I am making a top-down browser game in which the players see a small section around their player (see the image). Since the player doesn't need to render the players far away that they can't see, it would be unnecessary to send data about them. I want to know how the server should calculate who is near enough to the client that they appear on their screen and therefore receive data from the server about those players.

The way my problem differs from what I have found is that I need to track many players (at least 50 and preferably up to 100) and many can be on screen at one time (assume a maximum of 10 on screen at any one time).

Some assumptions/considerations that are made:

  • The players are always moving and positions constantly changing
  • Must handle at least 50 players at one time (preferably up to 100)
  • Players can drop in and out at random locations so should be able to adapt to this quickly
  • Screen sizes vary
  • Player input is just movement (but there should be scope for other simple actions)
  • Data sent over TCP as will be browser based
  • Node.js server

Initially I thought about sending data for all the positions of the players to each player but this seems like a terrible idea with so much unnecessary data being sent - from what I understand the server should be sending as little as possible.

My current strategy (shown in the image) is to have the server periodically (every second for example) calculate the distances between all players to determine those near enough to each other to appear on screen.
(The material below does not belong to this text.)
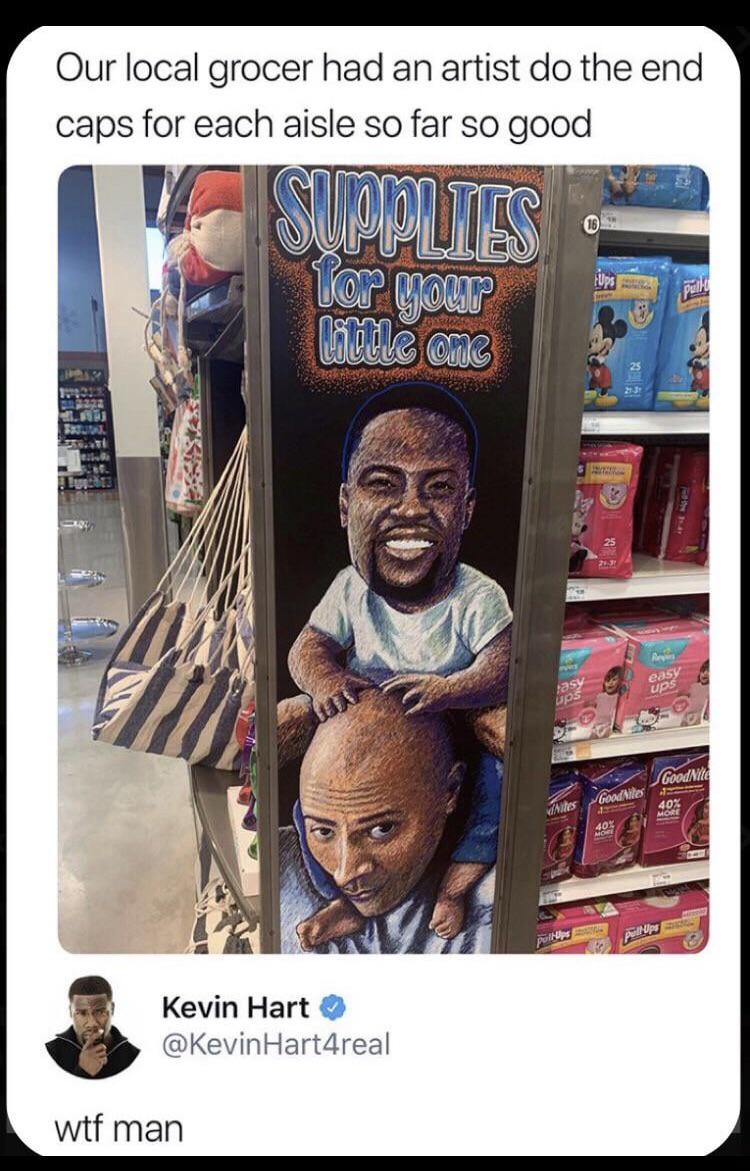 Original Grocery Store End Cap Art
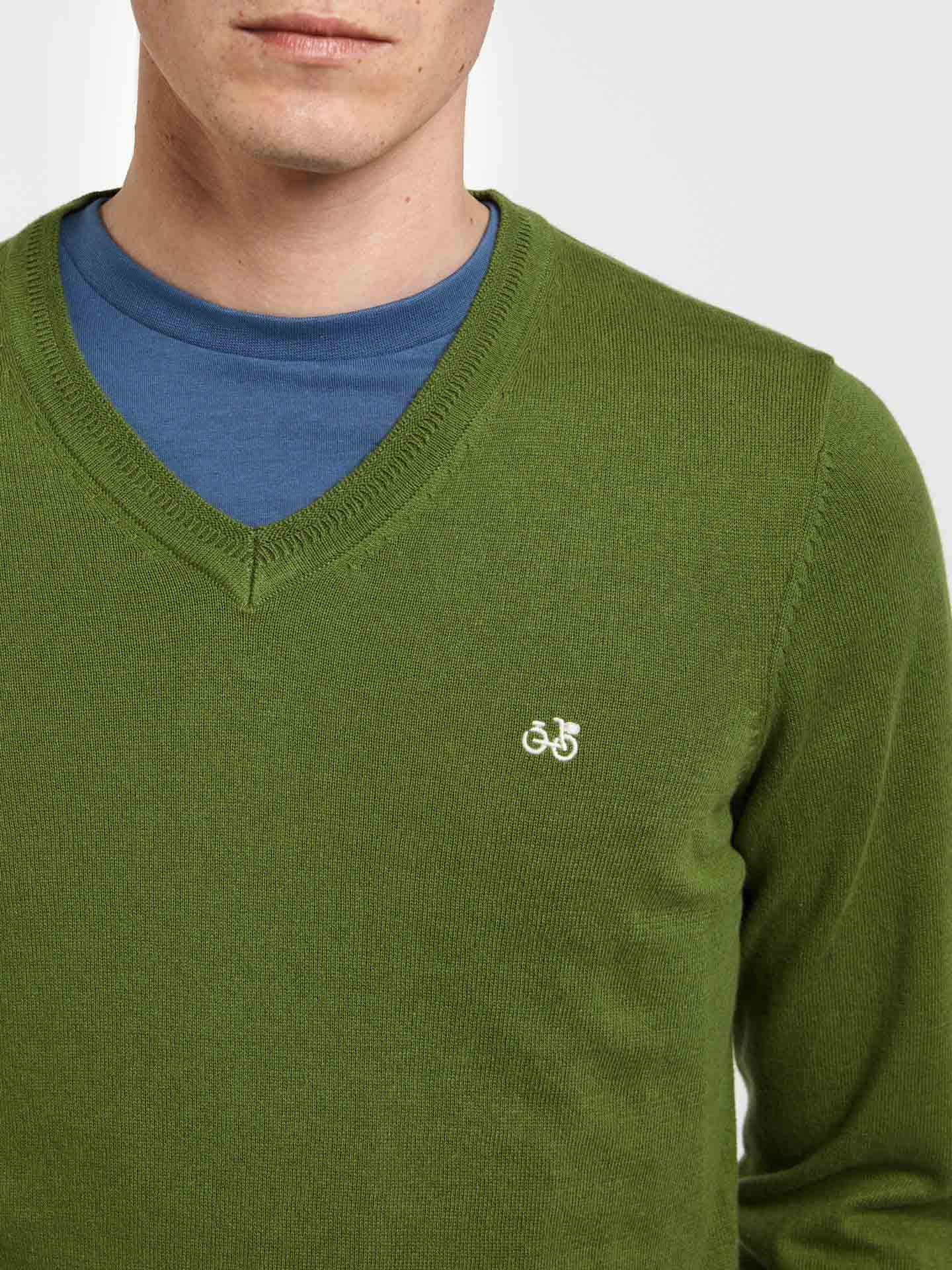 Sweater Green Casual Man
For the next second, data will only be sent to the client regarding those near it. After the next second, new distances are calculated to decide what to send (and render) for each player.

Some problems to take into account:

  • A lot of calculations must be performed by the server for all the players
  • Extra information would need to be sent about players just outside the screen to account for any movement between updates
  • Interpolation would probably be required
  • Different screen sizes will mean that some players can see more than others (the fairness isn't the issue here, but tracking to what distance to let players see)

enter image description here

The main issue is the ability of the server to process all of this with everything else that it must already do. I am not convinced this is a very good way.

This is trivial for off screen entities in a single player game, however for multiplayer games with many players moving at once this becomes much more difficult.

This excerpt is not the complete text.